2007-03-07 Thread Jamie Wilkinson
This one time, at band camp, Craig Dibble wrote:
...right up until I deployed our new LDAP servers to production. Now I
find that I get intermittent failures from the keepalive script whereby
it reports that some or all of the processes it is monitoring have died,
tries to restart them, and fails.

Immediately I am thinking that the problem is somewhere in NSS.  Timeouts
due to LDAP connection overheads, fd leaks in nss_ldap, nscd's very
existence, all could be causing something to fail.
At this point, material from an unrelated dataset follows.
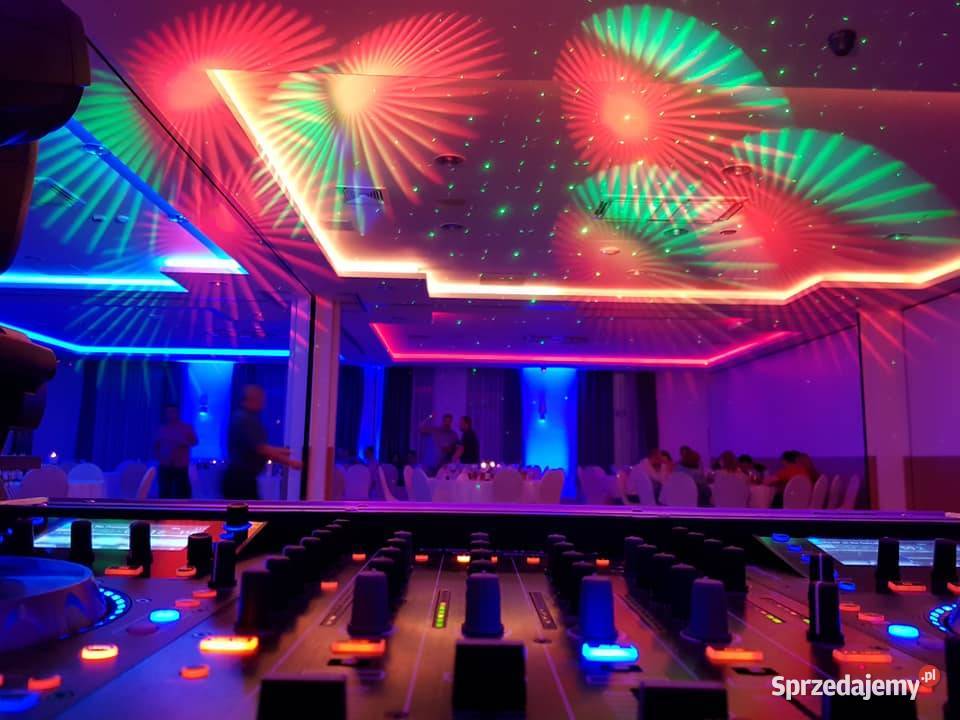 Wodzirej na imprezę Wodzirej na wesele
Unlike Solaris, POSIX and Linux don't cater to temporary failure, so
anything that explodes in the pipeline is going to return a failed lookup
(and if you're using nscd, it'll cache that negative if you're really
unlucky.)

[1] As a temporary fix I have put a simple hook in the keepalive script
to die if the returned process list is empty. This works ok for the
moment but without knowing why it is behaving like this I can't help but
feel all I might be doing is putting a bandaid on a bigger problem.

Do you get an empty process list when you run it by hand?

Is there a timeout on the process list command in the keepalive script?

The first thing to try is to replicate the conditions in the script to get a
repeatable failure of ps.  Once you've done that, you'll have some idea as
to where to look next.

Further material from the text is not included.